Black pedestrians received 55 percent of the tickets issued even though the city's population is only 29 percent black. Almost a third of all tickets issued in this period went to African American males from age 14 to 35.
Jacksonville has 28 separate pedestrian statutes that range from prohibiting jaywalking (crossing against a red light) and crossing against a yellow light to requiring pedestrians to cross a street at a right angle, walk on the left side of a road when there are no sidewalks, and walk on a sidewalk when one is available.
Even larger racial disparities exist in ticketing for violations of less-familiar statutes. For example, 78 percent of all tickets for "walking in the roadway where sidewalks are provided" were issued to black pedestrians, as were 68 percent of tickets for "failing to cross the road at a right angle or shortest route."
ProPublica concluded that "Jacksonville's enforcement of pedestrian violations raises concerns that it's another example of racial profiling" — like stop-and-frisk policies in New York, Milwaukee, Philadelphia, and Los Angeles; racial profiling of minority drivers in New Jersey; and the pervasive disproportionate enforcement of traffic violations and civil codes against African Americans in Ferguson, Missouri.
The Jacksonville Sheriff's Office told reporters that its officers use pedestrian infractions to stop, question, and search people they perceive as suspicious. Data about searches and arrests following pedestrian violations is sparse, but ProPublica used court records to identify at least 149 cases in which a pedestrian violation led to a search and subsequent additional charge.

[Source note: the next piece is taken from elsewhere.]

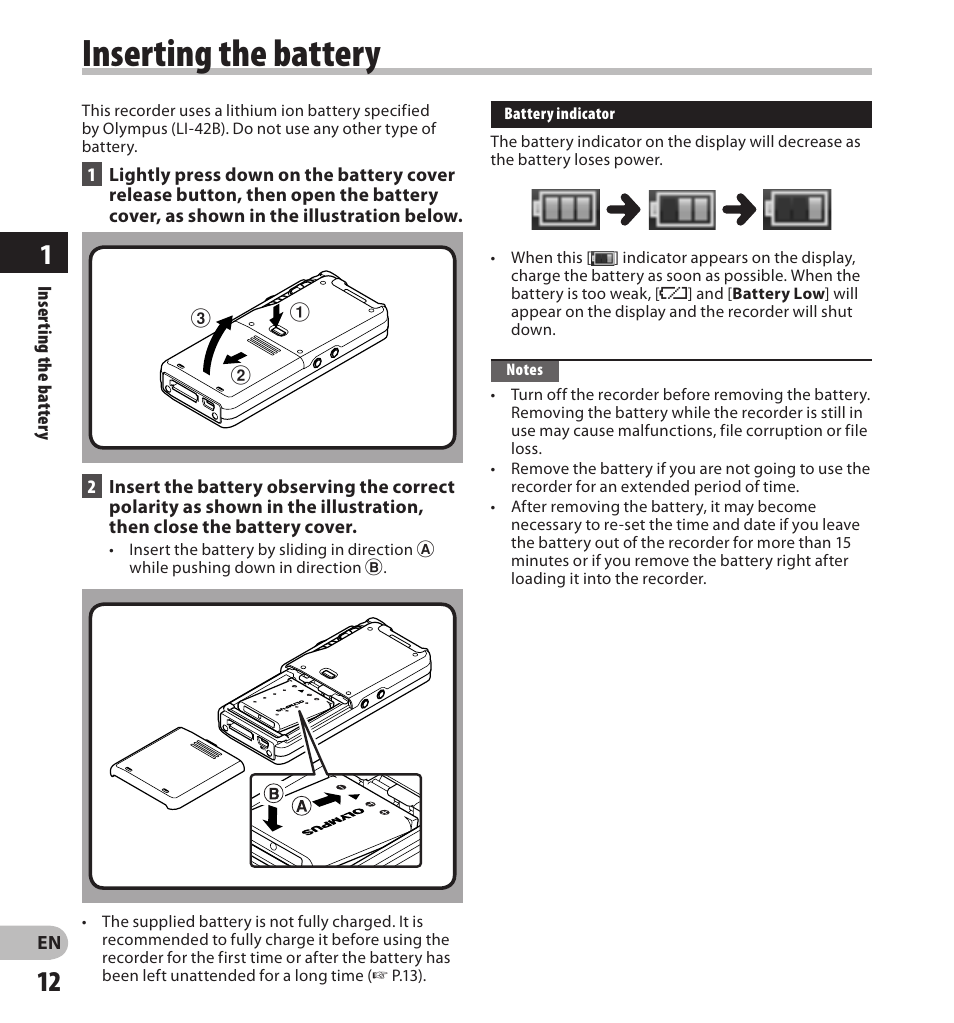 Inserting the battery | Olympus DS7000 User Manual | Page 12 / 56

Those charged with more serious offenses tend to be African American, and overall, 80 percent of people charged with other offenses on top of a pedestrian violation were black.

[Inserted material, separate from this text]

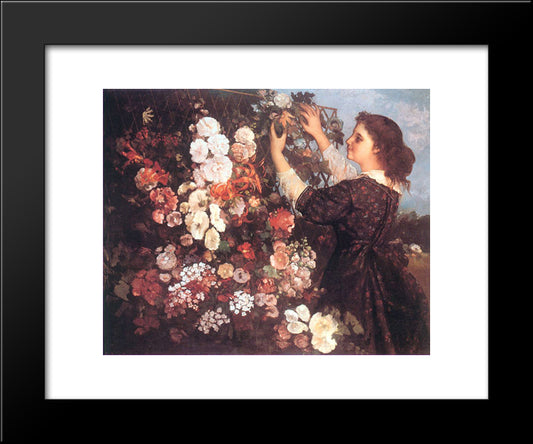 The Trellis 20x24 Black Modern Wood Framed Art Print Poster by Courbet, Gustave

The sheriff's office said issuing tickets is necessary to reduce fatalities in Florida's most populous city, which has one of the highest pedestrian fatality rates in the country. But ProPublica found no strong relationship between where tickets are issued and where fatalities occur. In fact, census tracts where the population is mostly black had similar numbers of deadly crashes compared to other neighborhoods, but residents there were ticketed anywhere from two to five times as much.

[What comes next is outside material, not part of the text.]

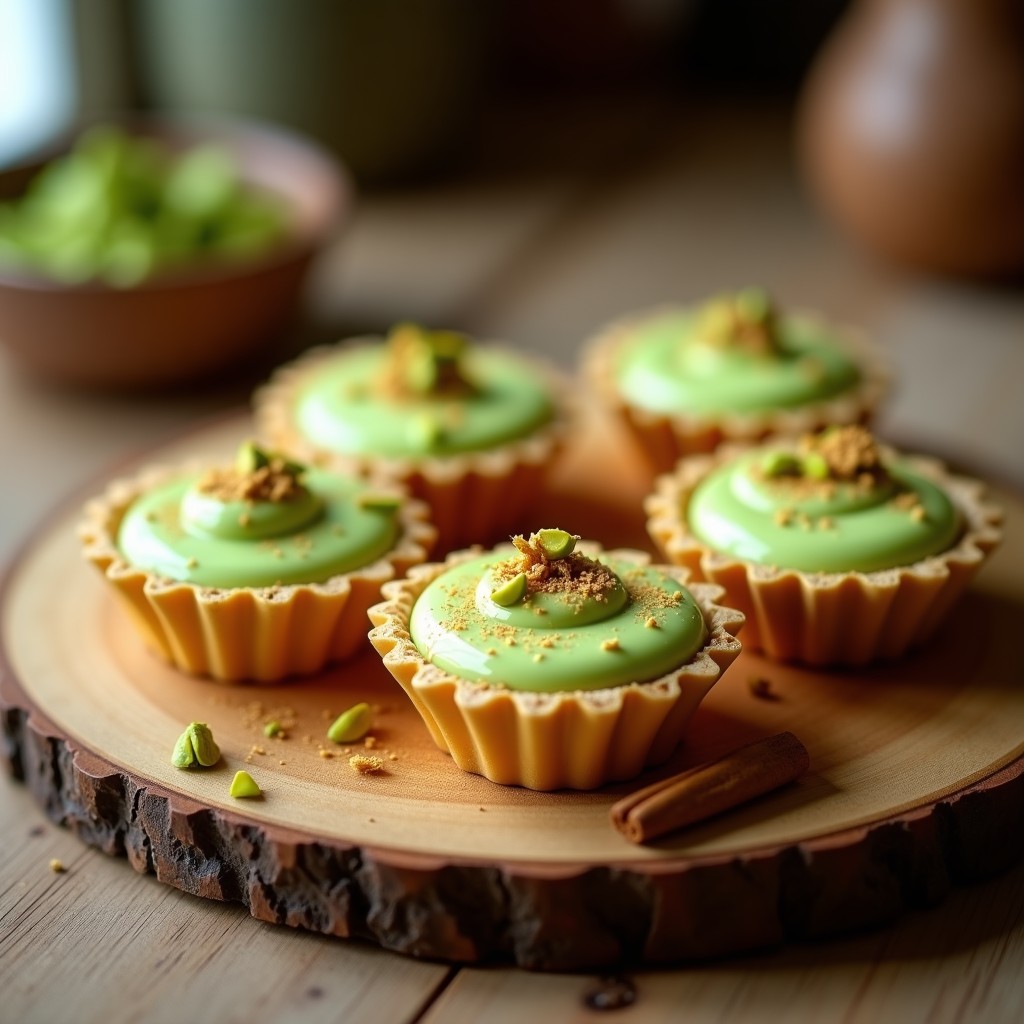 Tartaletas keto de harina de almendra con crema de pistacho verde suave, decoradas con pistachos picados y servidas en moldes dorados sobre una tabla de madera rústica.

The sheriff's office wrote 264 pedestrian tickets in 2012, 353 in 2013, 422 in 2014, 252 in 2015, and 411 in 2016. But the number of fatal crashes involving pedestrians has increased every year from 2012 to 2016.
ProPublica's analysis also found that the sheriff's office issued 353 erroneous tickets for crossing the street while not in a crosswalk. The mistakes appear to have resulted from the officers' misunderstanding of the crosswalk statute, which accounted for more tickets than any other provision. Black pedestrians were over-represented in that category of ticket, and 48 percent of the erroneous crosswalk tickets were issued to black pedestrians.
Typically costing $65, pedestrian tickets significantly disrupt the lives of poor people, who were about six times as likely to receive a pedestrian citation as those living in the city's more affluent zip codes, ProPublica found.
Unpaid fines and fees are sent to collections agencies, and can damage the credit of those unable to pay. Pedestrian tickets also can lead to suspensions or revocations of driver's licenses, and even after they are paid, the tickets can cost a person points on their driver's license or commercial license, which is especially damaging for truck and bus drivers.
"You have communities that are already suffering economically, and then you're putting additional economic burdens on the people there that then affect the driver's license," Jacksonville lawyer Leslie Scott Jean-Bart told reporters. "You're talking about work. You get pulled over a couple times, you end up in jail. The next thing you know, it's a felony. It just keeps going and keeps going."